Not sure how to get the GUI to automatically refresh w/o restarting the service

phil.davis

Yep, running 2.1-RC1. Systems are on versions from 1 Aug or 6 Aug.

ensnare

Are you using multiple OpenVPN clients? I have two tunnels and wonder if this may be the cause of the problem. Is this a confirmed bug? If not, how can we submit it?

phil.davis

Now that someone else is seeing this also, I guess that makes it a confirmed bug?! At the moment I am busy with other non-pfSense stuff. Feel free to add a bug issue on Redmine and put whatever data you can into it. I will add to it when I have time to try and collect some useful information (to reproduce might require a tricky sequence of taking links down and up on a test system, and trying to trace everything that happens in the logs…)
It's not a show-stopper bug, as the OpenVPN is actually working.

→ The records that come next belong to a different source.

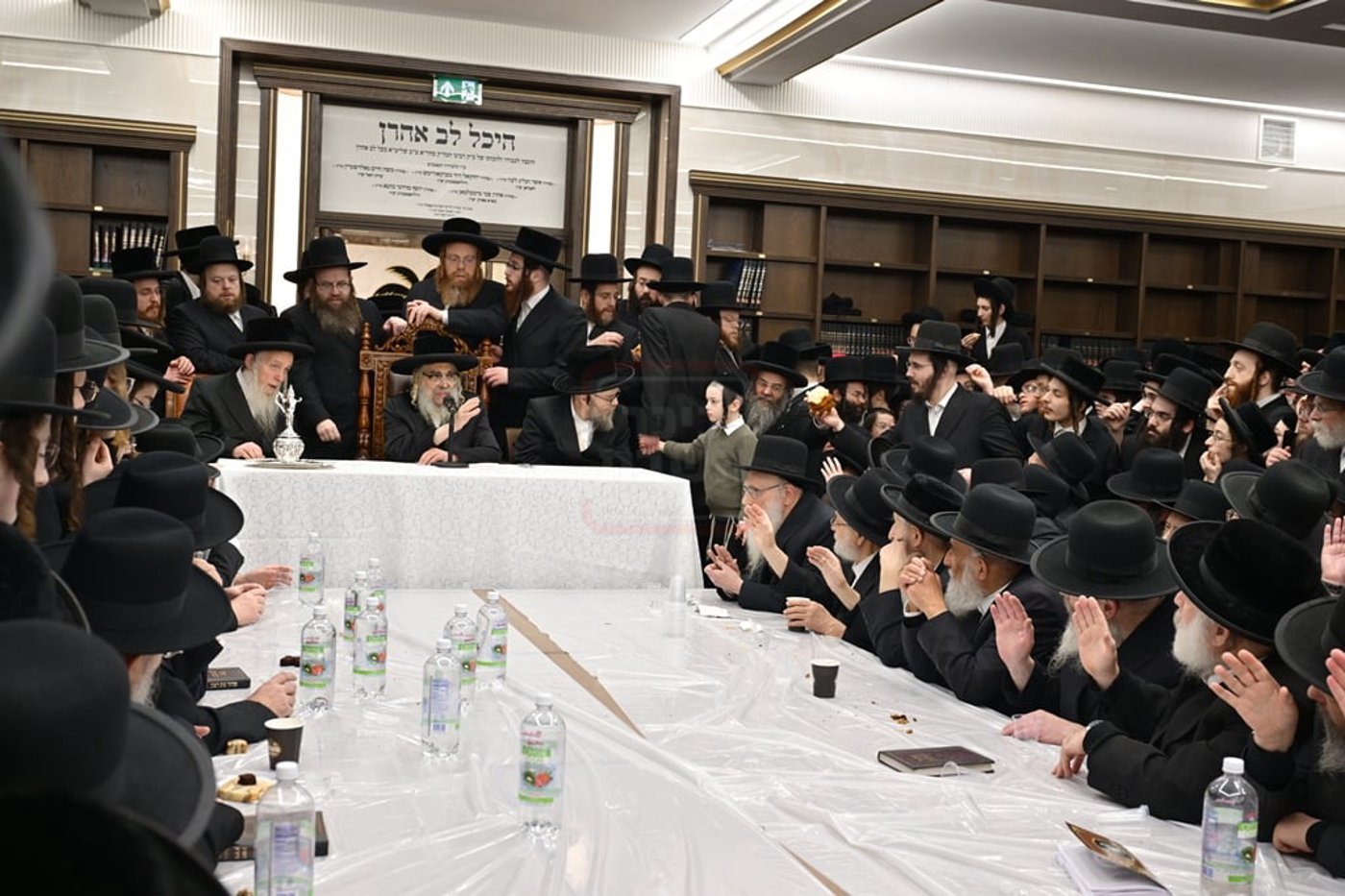 האדמו"ר מסאטמר בביקור הוד במאנשטעסער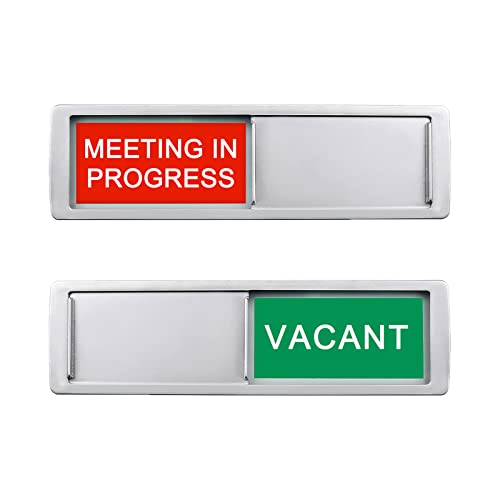 Schild mit Aufschrift "Vacant Occupied", "Vacant or Meeting in Progress", Datenschutzschild für Zuhause, Büro, Hotels, Krankenhaus, Konferenzraum, Schieber-Türschild sagt, ob Zimmer Vacant oder von LoYinLo
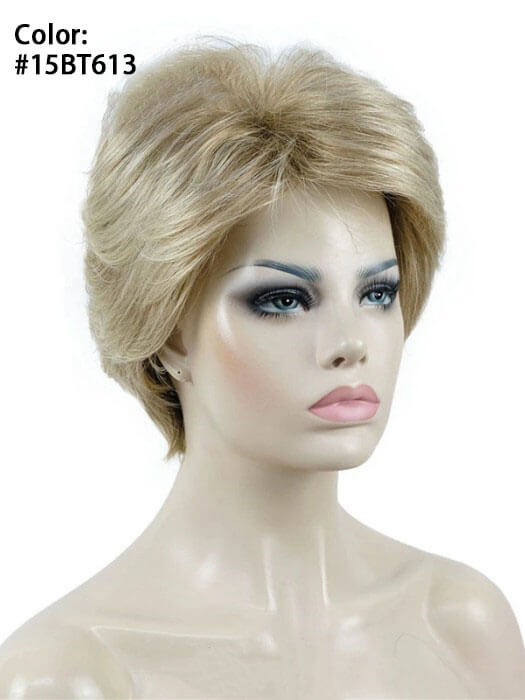 Natrual Short 8 Inch Straight Layered Synthetic Wig By imwigs®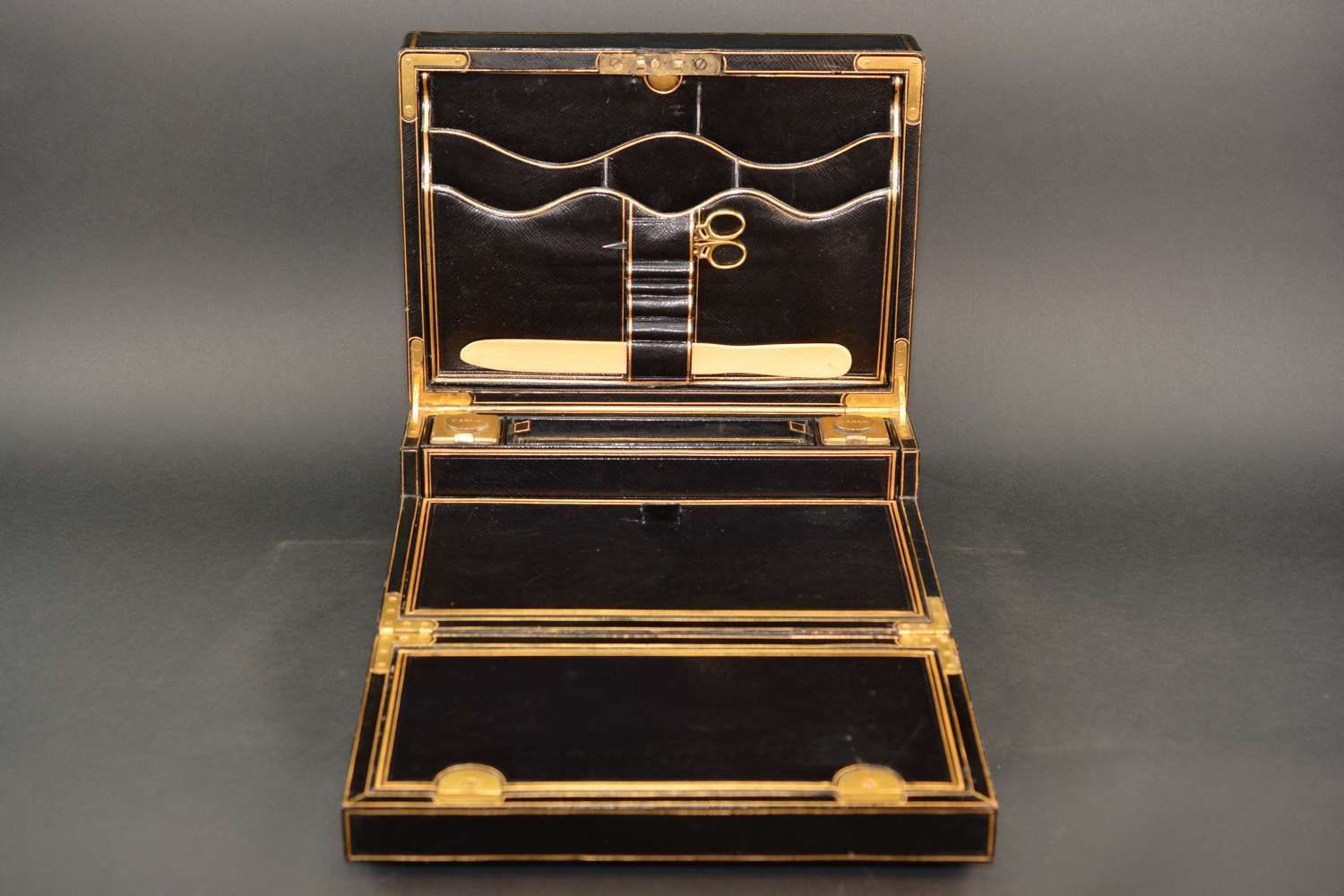 Victorian Writing Box By P&F Shafer Of 27 Piccadilly London photo furniture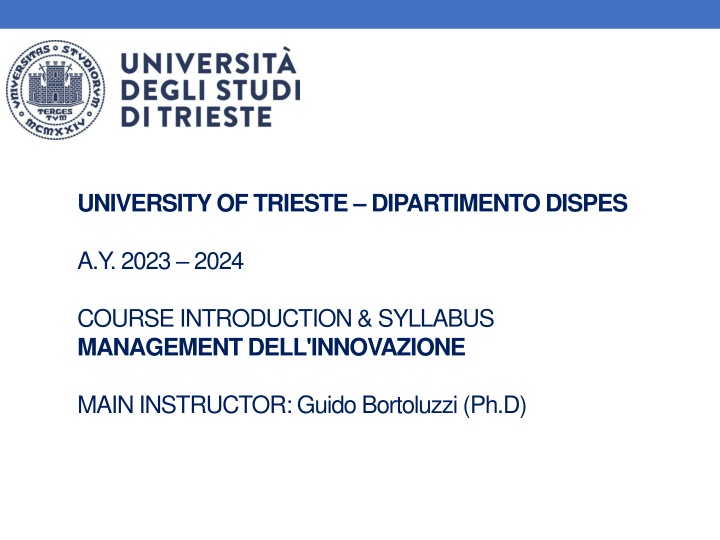university of trieste dipartimento dispes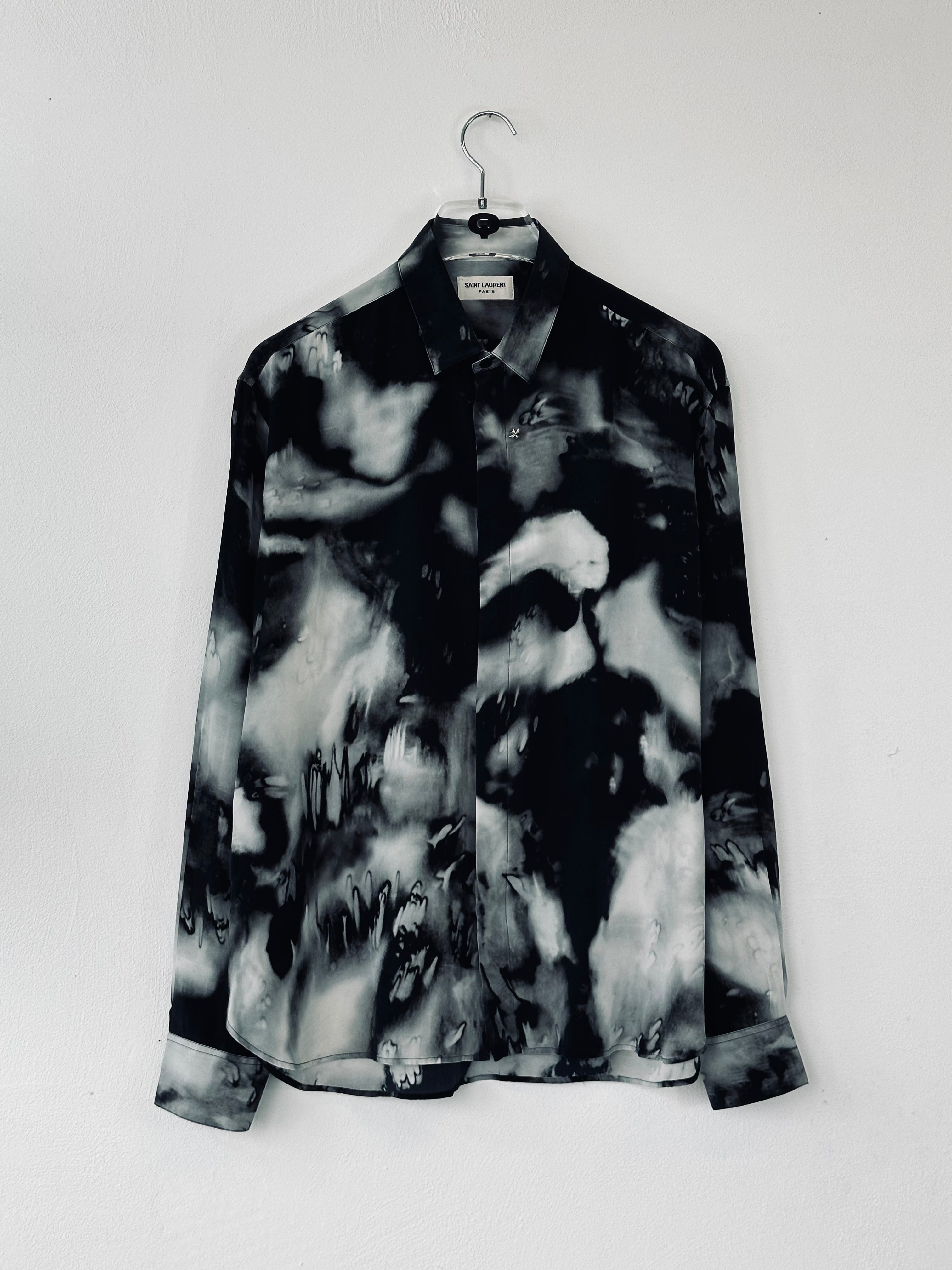 Silk Tie-Dye Shirt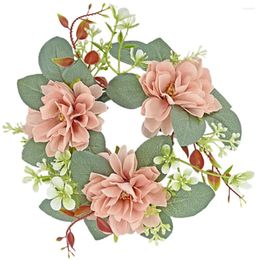 Decorative Flowers Wreath Wedding Party Decoration Home Wreaths Rings Garland Plants Leaf Desktop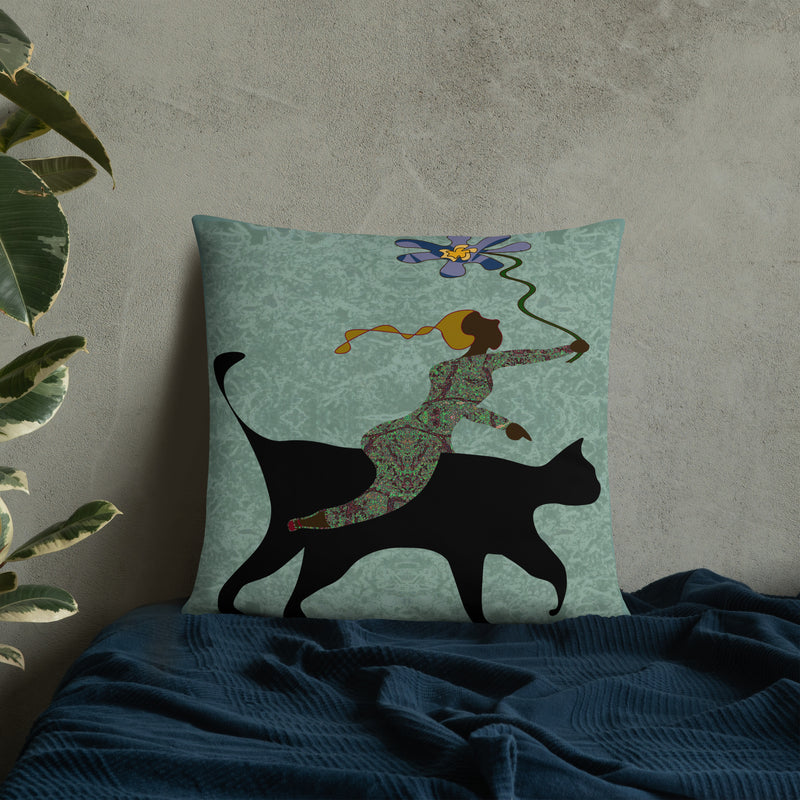 She Gives Throw Pillow | Black Women Empowerment
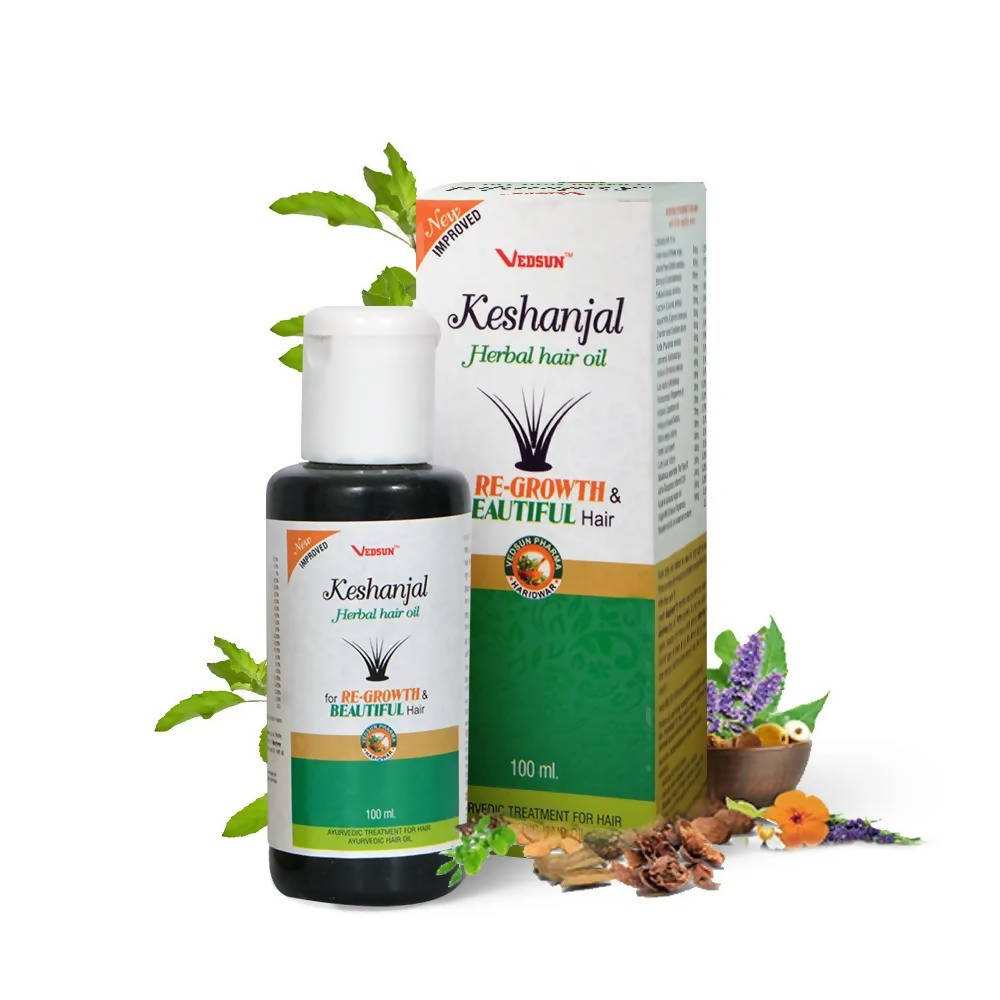 Vedsun Keshanjal Herbal Hair Oil - Distacart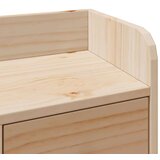 vidaXL Posteljni okvir brez vzmetnice 135x190 cm trdna borovina | Shoptok.si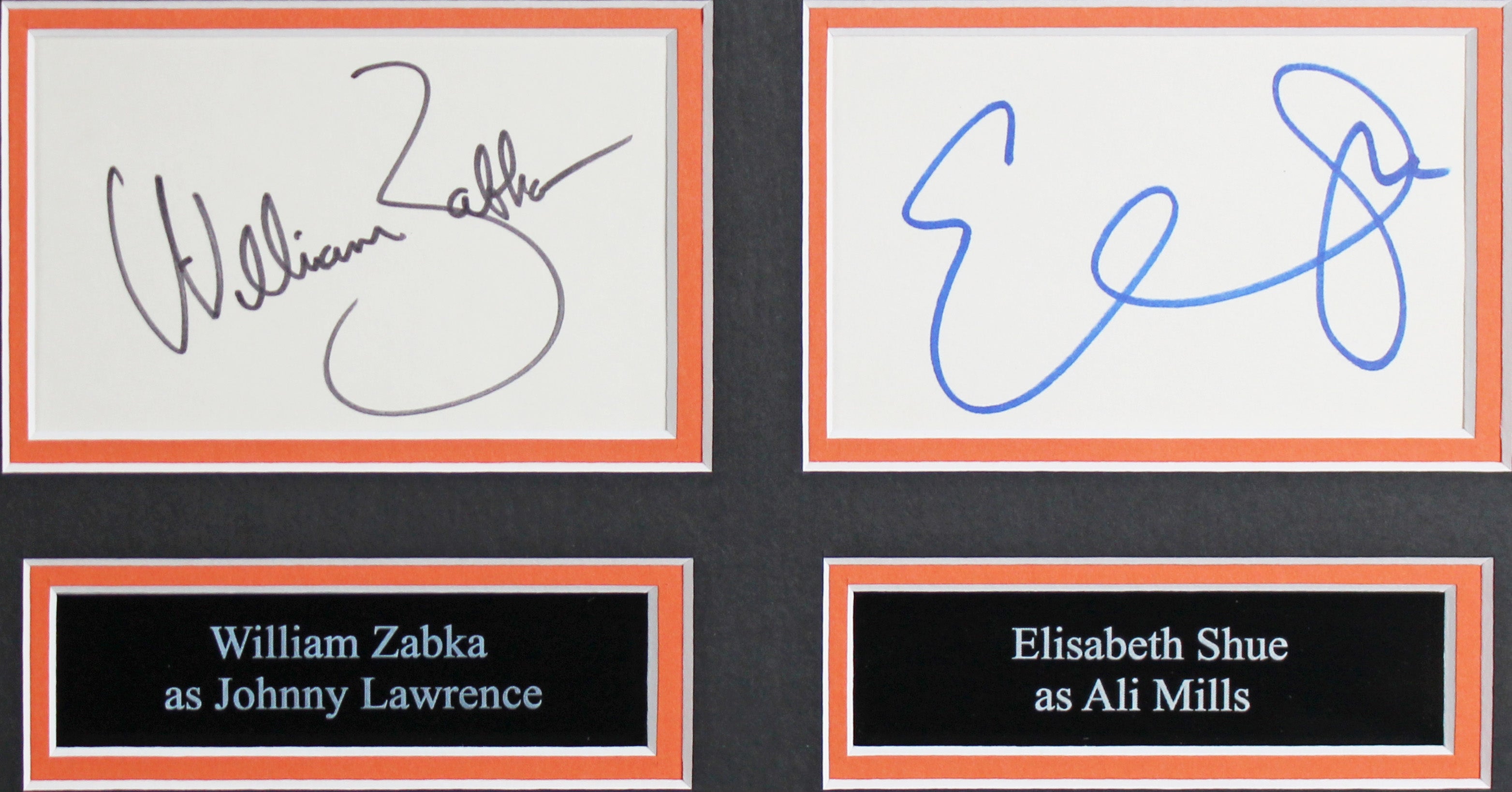 The Karate Kid (5) Morita, Macchio, Zabka, Shue & Kove Signed Framed Display BAS
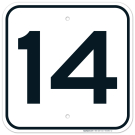 Parking Lot Number 14 Sign Parking Lot Number 14 Sign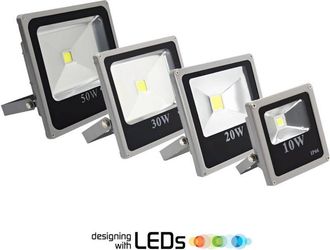 Trade Shop Trade Shop Traesio - Trade Shop - Faro Led Faretto Slim Alta Luminosita Luce Bianca 10 20 30 50 80 100 120 W Ip65 - -120 Vatios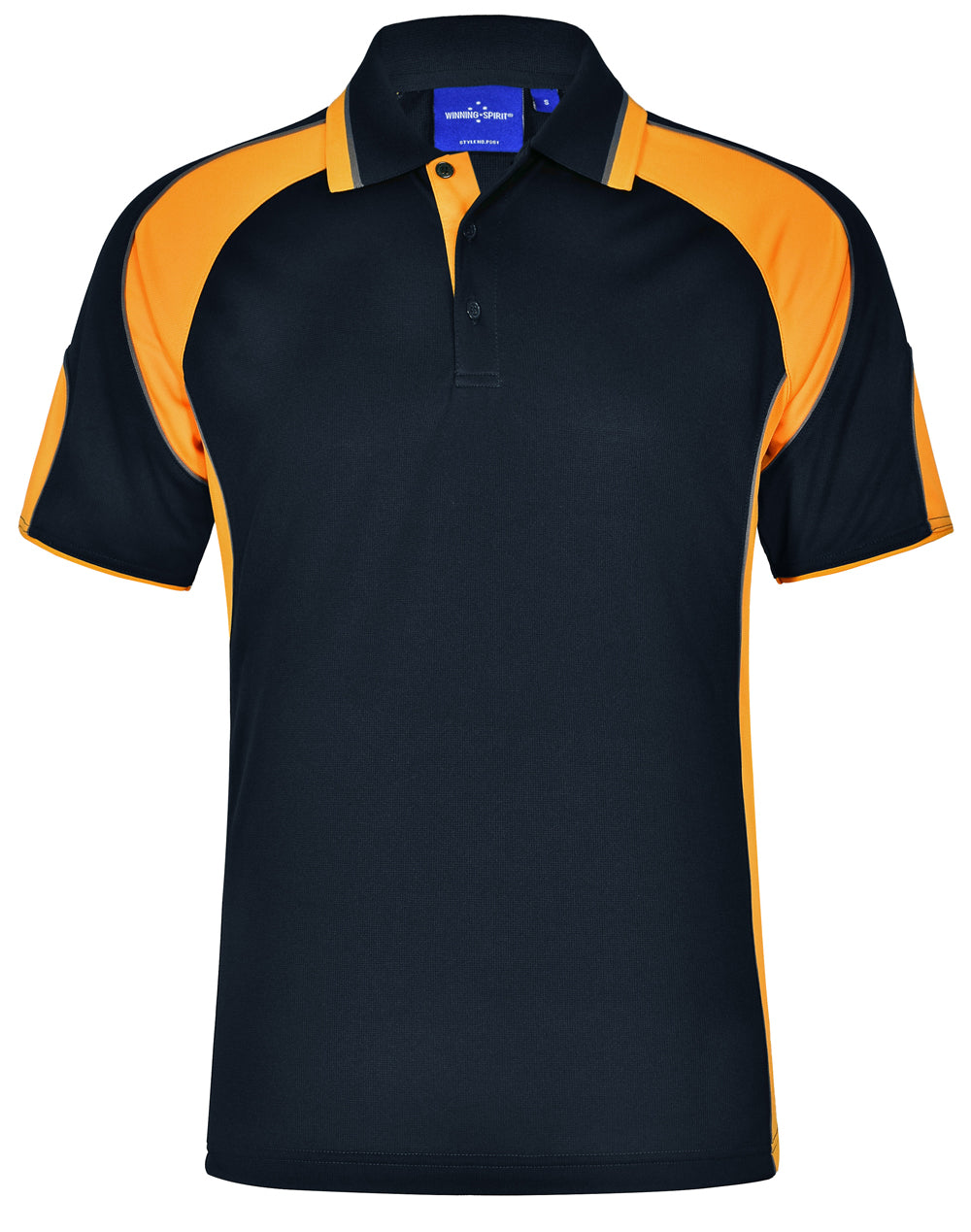 Men's Cooldry Contrast Polo With Sleeve Panel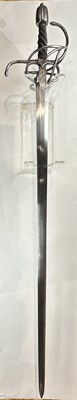Lot 144 - A GERMAN RAPIER, SECOND QUARTER OF THE 17TH CENTURY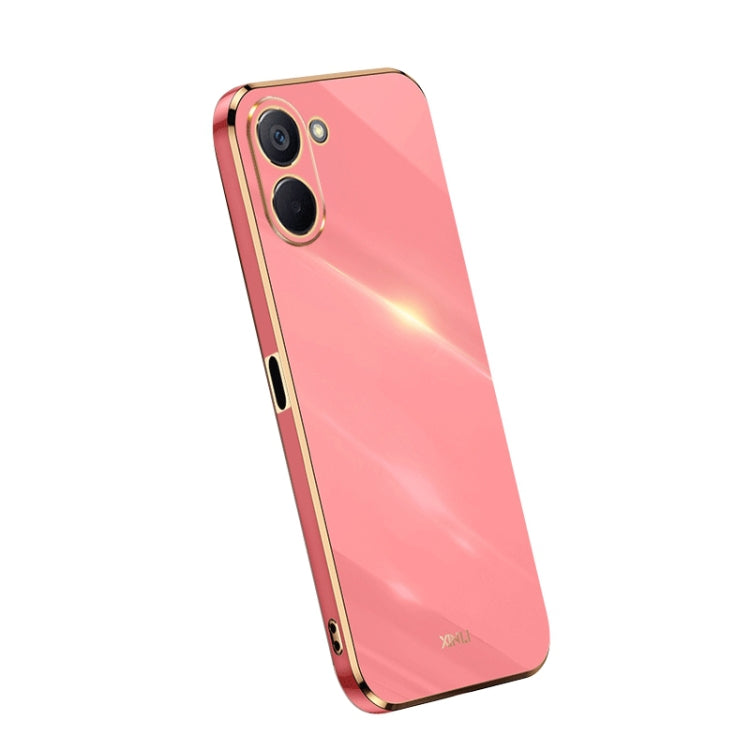 For Realme V20 5G XINLI Straight Edge 6D Electroplate TPU Phone Case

It's just that the dashboard/services status makes it look like it is down.

jimp

I have several clients and servers running on a test VM and things get beaten up a lot there, lots of loss/latency (artificial), clients and servers restarting, and so on… I have never seen this happen.

Is there anything weird/special about the client that gets lost? Anything different in its advanced options? Is it an assigned OpenVPN interface? Used in any NAT rules or similar?